§ Task goal
When you reach the line containing "Building Photo - 5526 Farley Dr" in the records below, set it down exactly, together with every later line through the end, but not the pictures.
The data Block Start
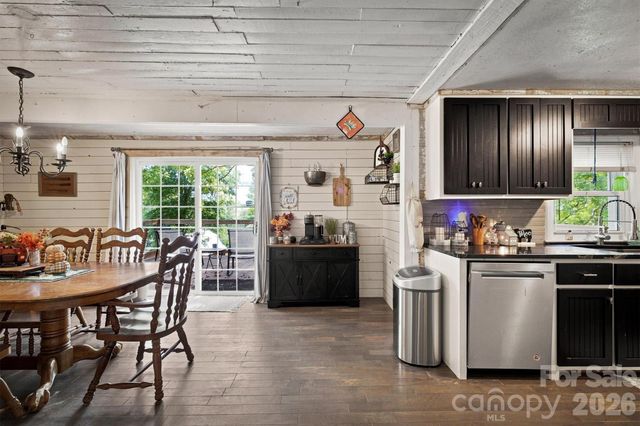 116 Amherst Road, Morganton, NC 28655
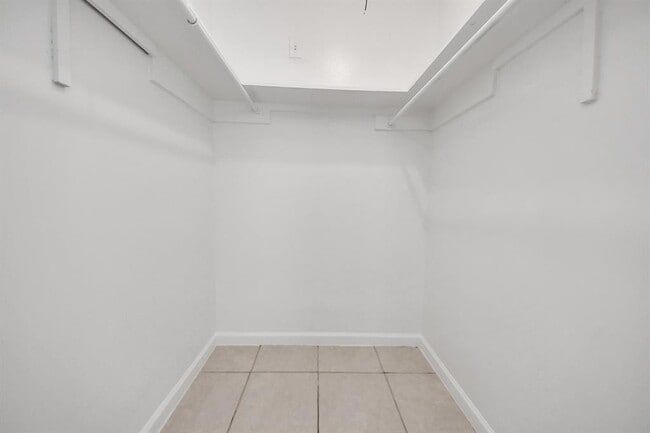 Building Photo - 5526 Farley Dr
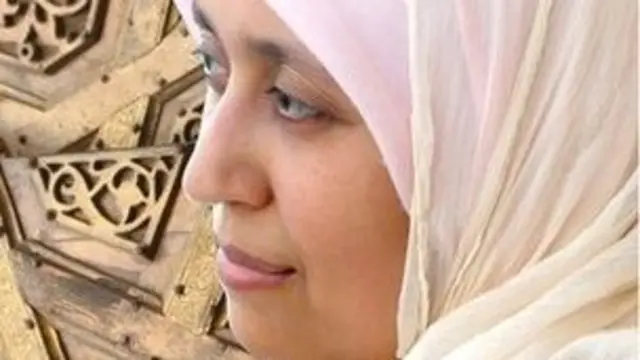 سارا خورشید روزنامه نگار و نویسنده مصری .
مقالات او در روزنامه گاردین، نیویورک تایمز و بسیاری از جراید مصر انتشار یافته است 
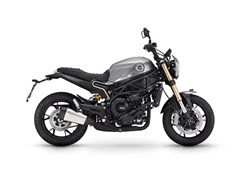 Benelli Leoncino 800 2025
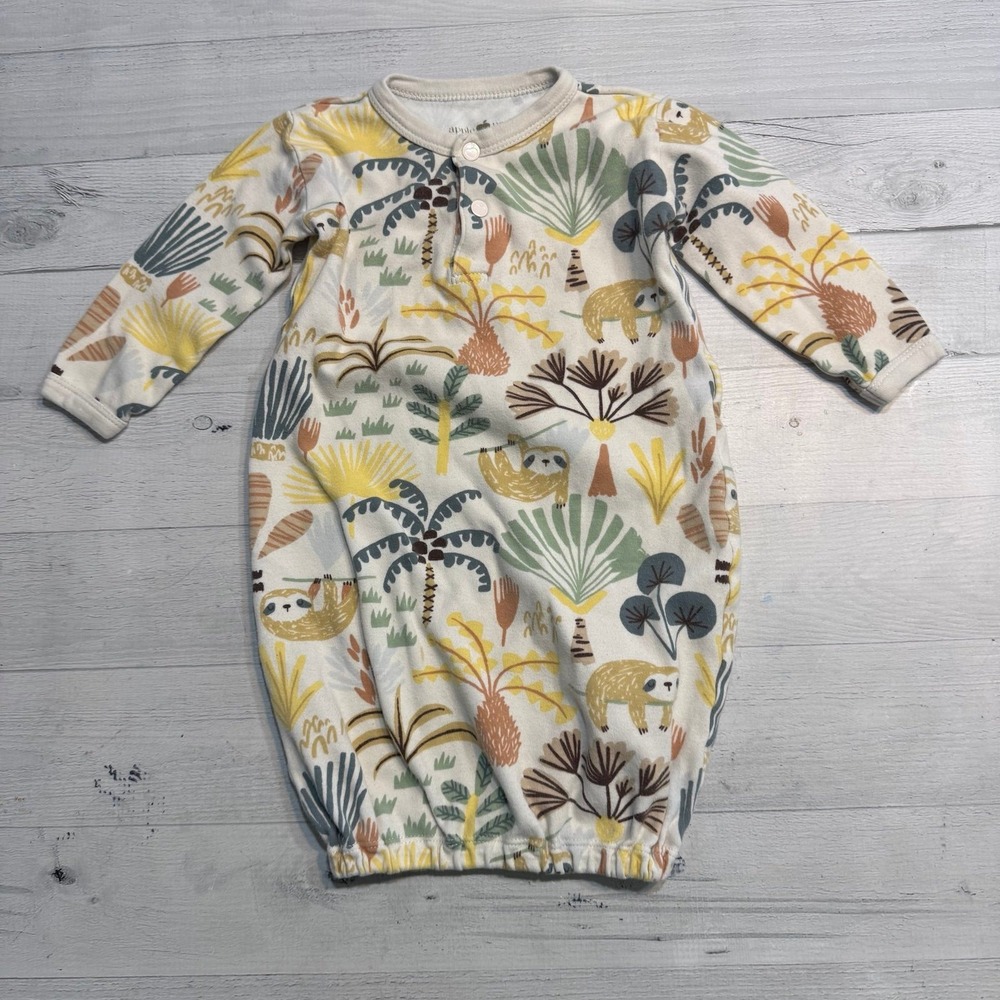 Apple Park organic‎ baby sloth print sleeper gown 3-6 months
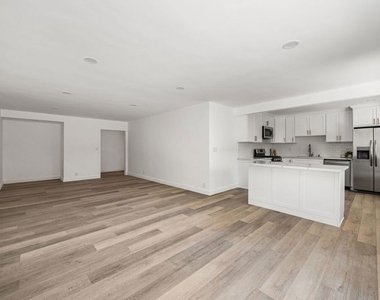733 N Hayworth Avenue - Photo Thumbnail 9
The data Block End
§ Problem solution
 Building Photo - 5526 Farley Dr
 سارا خورشید روزنامه نگار و نویسنده مصری .
مقالات او در روزنامه گاردین، نیویورک تایمز و بسیاری از جراید مصر انتشار یافته است 
 Benelli Leoncino 800 2025
 Apple Park organic‎ baby sloth print sleeper gown 3-6 months
733 N Hayworth Avenue - Photo Thumbnail 9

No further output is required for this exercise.